The letter states that the Riviera Board previously granted Riv a waiver of the anti-takeover provisions in Riviera's articles of incorporation as well as the business combinations provisions in the Nevada corporate statute. In the letter Riv also denies that it made repeated requests for board permission for the lock-up agreement. Instead, Riv alleges it asked for approval to acquire outright the stock held by Triple Five and Dominion Financial and only after the Board refused did it purchase an option from Triple Five and Dominion Financial that is conditioned on obtaining the necessary Board approvals.
"Ignoring the merits of our offer is directly contrary to the Board's fiduciary duties," states the letter from Riv. "The Board's legal responsibility is to obtain the highest and best possible value for its stockholders, not to find spurious reasons why bidders (and in this case, the sole bidder) should be disqualified from acquiring the company."
Riv's offer is the fourth the company has received in the past year. In November 2006, it received a $21-per-share offer from a partnership of real estate developer Ian Bruce Eichner and the D.E. Shaw group, which is already a major shareholder of Riviera. The 30-day exclusive negotiating agreement came and went without any action being taken by either side.
In April 2006, Riviera Holdings signed a $17-per-share takeover agreement with Riv, which earlier in the year got Riviera CEO William Westerman to agree to sell his shares for $15 per share.
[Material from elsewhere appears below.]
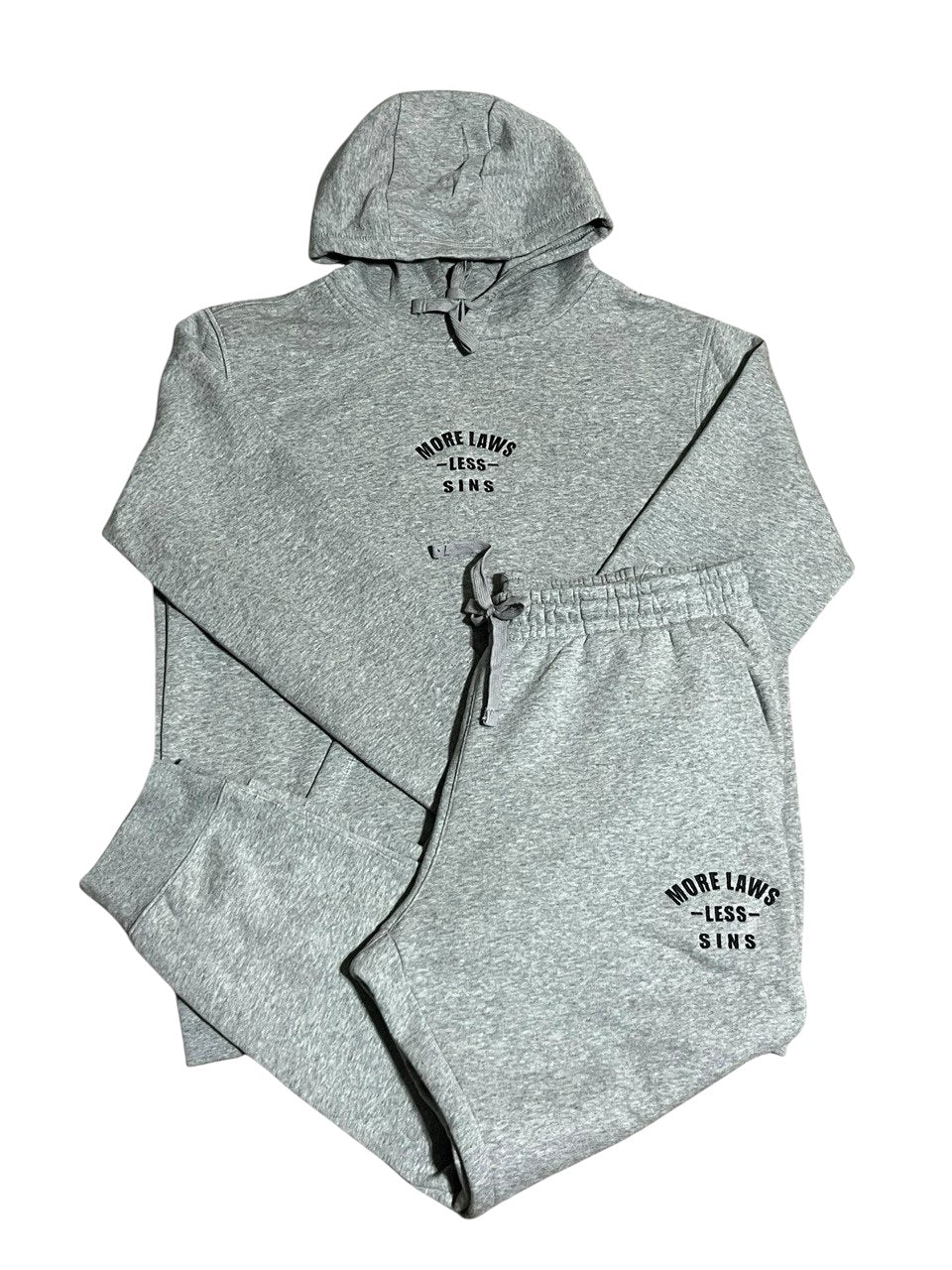 “More Laws, Less Sin” Jumpsuit
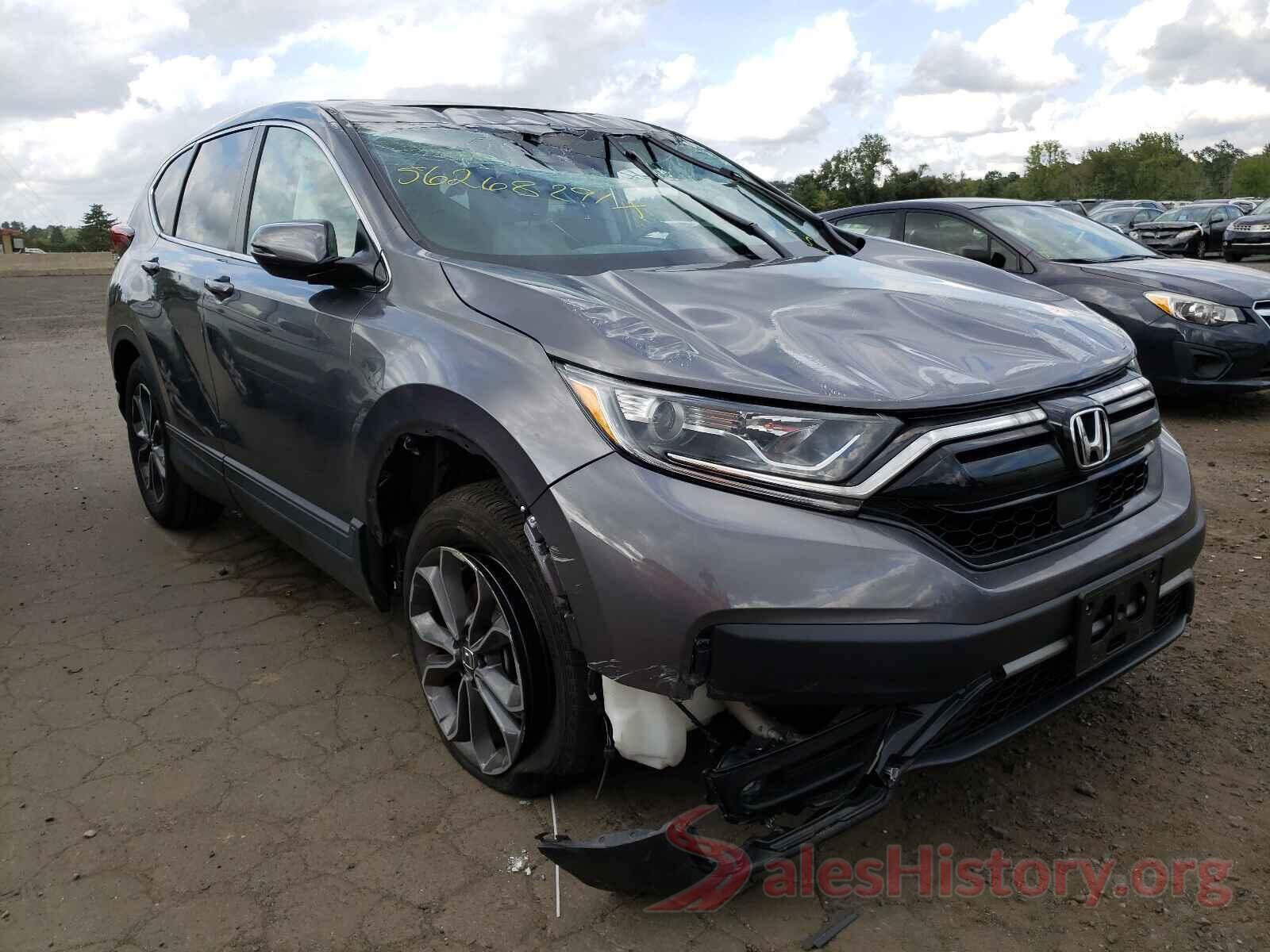 2HKRW2H81LH675309 2020 HONDA CRV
The takeover agreement sparked a substantial response from investors, including class-action complaints and scathing letters from the company's largest shareholders vowing to vote against the merger. Among other things, the letters question the Riviera board's valuation of the company's real estate in Las Vegas, which represents one of the last large developable parcels of land on the Strip.
In August, just before shareholders were to vote on the $17-per-share offer, a $20-per-share offer was submitted by International Gaming & Entertainment LLC, a special-purpose affiliate of BT Enterprises LLC, a Boston-based merchant equity fund. Riviera promptly delayed its shareholder vote and said it would review the proposal.
At the end of August, shareholders voted down the $17-per-share offer. In September, Riviera's board of directors terminated consideration of the $20-per-share offer.